For those who don’t know, this piece is titled ‘Unfinished Painting’, by Keith Haring. He painted it about a year before his death of AIDs. I believe he actually finished other pieces between this one and his death. He left the majority of the canvas blank to represent his life and art career cut short due to HIV/AIDs. This was a deliberate choice and commentary about all that we lose (both personally and culturally) by ignoring the AIDs crisis at the time (1989). He was devastated he didn’t have time to make more art. 'Finishing’ Unfinished Painting is straight up spitting on Haring’s grave and shows no understanding to the meaning behind the art. The AI interpretation doesn’t even follow his extremely recognizable shape language and symbols. This is why people are angry about AI art. All commerce images and no meaning or humanity
Thank you for typing this out! I couldn’t formulate my thoughts at the time because it really and truly goes beyond “they didn’t match the pattern”. There is significance behind this piece never being completed. “Unfinished Painting” is historical on at *minimum* three different layers - reflecting one person’s struggle with AIDS, encapsulating a very terrifying time in the LGBT+ community (though AIDS doesn’t discriminate by sexuality), and showing how the LGBT+ community was (and still is) all woven together with the same struggles. And while the completion *could be* a symbol of how even HIV can be overcome (at least two people have been cured!!!!), the fact that it was completed by a fucking computer rings this symbol as hollow. Our lives are not bits of data. We are not statistics. We never fucking were.
AI advocates, go pick up a brush.
The thing with this kind of use for AI is that it all too often is excused with something innocent. “It’s so sad this was never finished! But we can now use AI to finish it! We’re helping the artist!”
But you’re not helping the artist. You’re tacking your own name onto their work in an attempt to milk some of their credit for yourself. In one of the laziest ways possible.
Sometimes art doesn’t get finished.

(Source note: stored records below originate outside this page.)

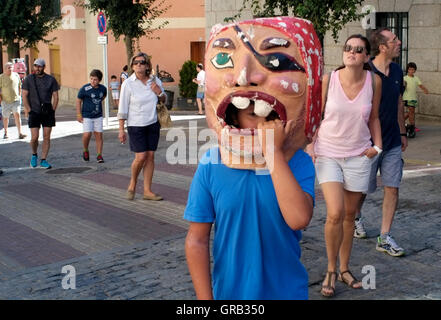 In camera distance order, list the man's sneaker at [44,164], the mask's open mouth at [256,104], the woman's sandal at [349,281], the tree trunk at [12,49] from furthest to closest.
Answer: the tree trunk at [12,49], the man's sneaker at [44,164], the woman's sandal at [349,281], the mask's open mouth at [256,104]

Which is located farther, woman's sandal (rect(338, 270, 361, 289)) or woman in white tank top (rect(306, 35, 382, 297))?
woman's sandal (rect(338, 270, 361, 289))

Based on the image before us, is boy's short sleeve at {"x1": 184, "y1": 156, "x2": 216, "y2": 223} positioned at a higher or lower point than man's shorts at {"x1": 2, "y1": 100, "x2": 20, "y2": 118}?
higher

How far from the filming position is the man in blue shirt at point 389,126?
21.5 ft

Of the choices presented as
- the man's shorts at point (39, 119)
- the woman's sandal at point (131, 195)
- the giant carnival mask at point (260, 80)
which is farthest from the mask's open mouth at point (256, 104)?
the man's shorts at point (39, 119)

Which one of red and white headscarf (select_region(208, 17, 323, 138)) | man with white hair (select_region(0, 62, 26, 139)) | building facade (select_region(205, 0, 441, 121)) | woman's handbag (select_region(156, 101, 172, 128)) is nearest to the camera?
red and white headscarf (select_region(208, 17, 323, 138))

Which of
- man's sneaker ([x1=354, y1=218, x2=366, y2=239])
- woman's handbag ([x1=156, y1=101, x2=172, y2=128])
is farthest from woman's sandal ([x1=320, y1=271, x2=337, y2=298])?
woman's handbag ([x1=156, y1=101, x2=172, y2=128])

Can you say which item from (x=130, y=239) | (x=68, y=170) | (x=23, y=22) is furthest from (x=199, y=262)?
(x=23, y=22)

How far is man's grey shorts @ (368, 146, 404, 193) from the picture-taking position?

Sometimes a song is never fully written. Sometimes a novel series isn’t completed. Maybe it’s because the artist died, or maybe it’s because the spark they had for the art in question went out before they completed the work. But that’s life. It’s unfortunate, and often sad. It leaves the fans of that artist feeling empty, because they want what they’ll never get. But that does not justify taking it upon yourself to “complete” a work for an artist, especially when the artist does not ask you to. Especially this painting, which was very obviously intentionally left unfinished by the artist. But even if it hadn’t been, and it truly wasn’t finished before he died, then that does not mean it is ok to ask a computer to finish it.
People look to AI as the big solution to completing all these things that were lost to time. They want to use actors who have died for those big, touching cameos in movies. They want to hear songs that were never completed, sung by voices who are long gone. They want to see more artwork, more creativity, by artists who aren’t here anymore. But all throughout human history, people have accepted that once someone is dead, then that’s it. The only way we can appreciate them is in what they have left us, not in what a computer might be able to create by stealing their work and creating a false image. It’s not their work. They didn’t make it. To call it theirs would be nothing short of a lie.
Kelly Carlin, daughter of the late and all time great George Carlin, shared this statement regarding an AI-generated special imitating him:
She’s right. Part of the beauty of humanity and its creations is that it is ephemeral. Death enhances our lives, not detracts for it. AI making a ghoulish reanimation of the dead should strike you with such horror that you understand why necromancy is banned by man and God.